• Your goal
Among the lines of data below, reproduce only those from the one with "Highlight Kinky Straight" through the one with "Meridian Furniture - Kayla", exactly as they stand, both ends included.

• Given information
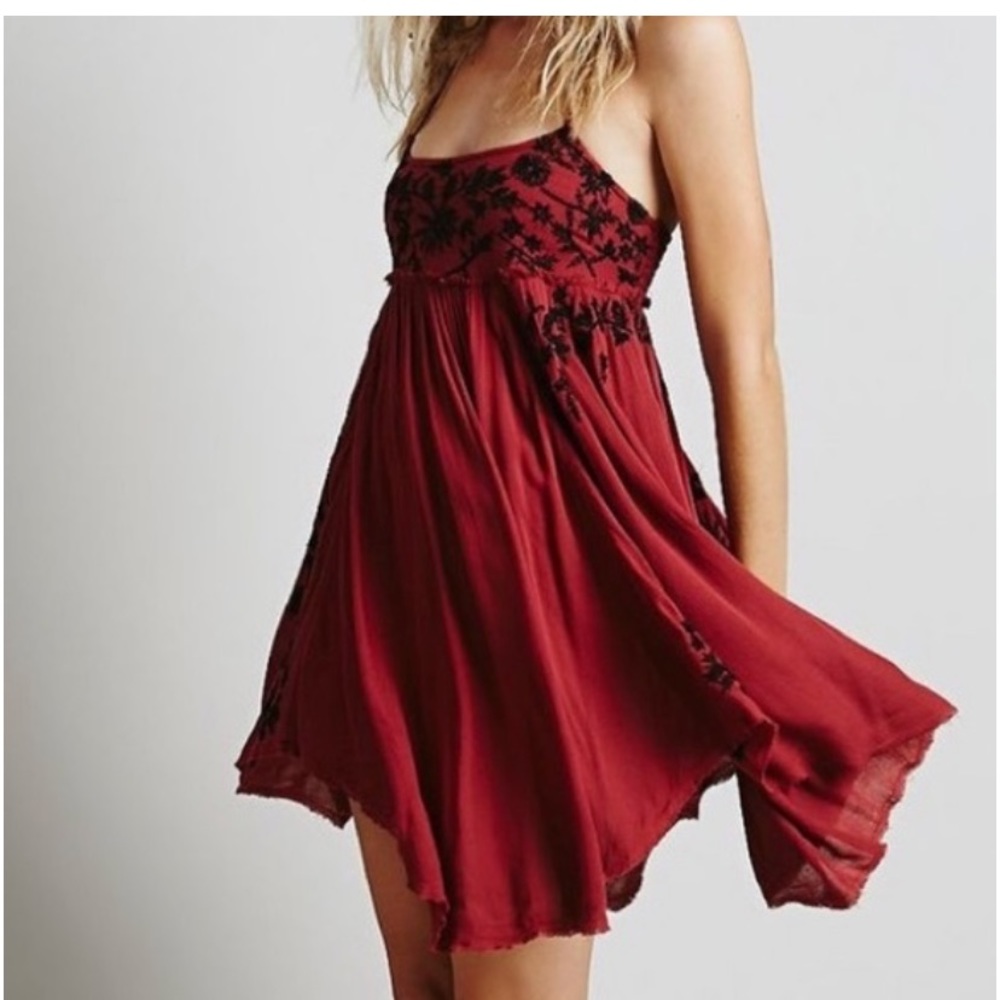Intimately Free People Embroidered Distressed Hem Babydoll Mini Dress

==

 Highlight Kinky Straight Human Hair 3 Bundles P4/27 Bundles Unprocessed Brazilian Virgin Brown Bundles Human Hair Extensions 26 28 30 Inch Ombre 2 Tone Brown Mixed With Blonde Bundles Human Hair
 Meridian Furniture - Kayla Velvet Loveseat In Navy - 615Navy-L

• Exercise result
 Highlight Kinky Straight Human Hair 3 Bundles P4/27 Bundles Unprocessed Brazilian Virgin Brown Bundles Human Hair Extensions 26 28 30 Inch Ombre 2 Tone Brown Mixed With Blonde Bundles Human Hair
 Meridian Furniture - Kayla Velvet Loveseat In Navy - 615Navy-L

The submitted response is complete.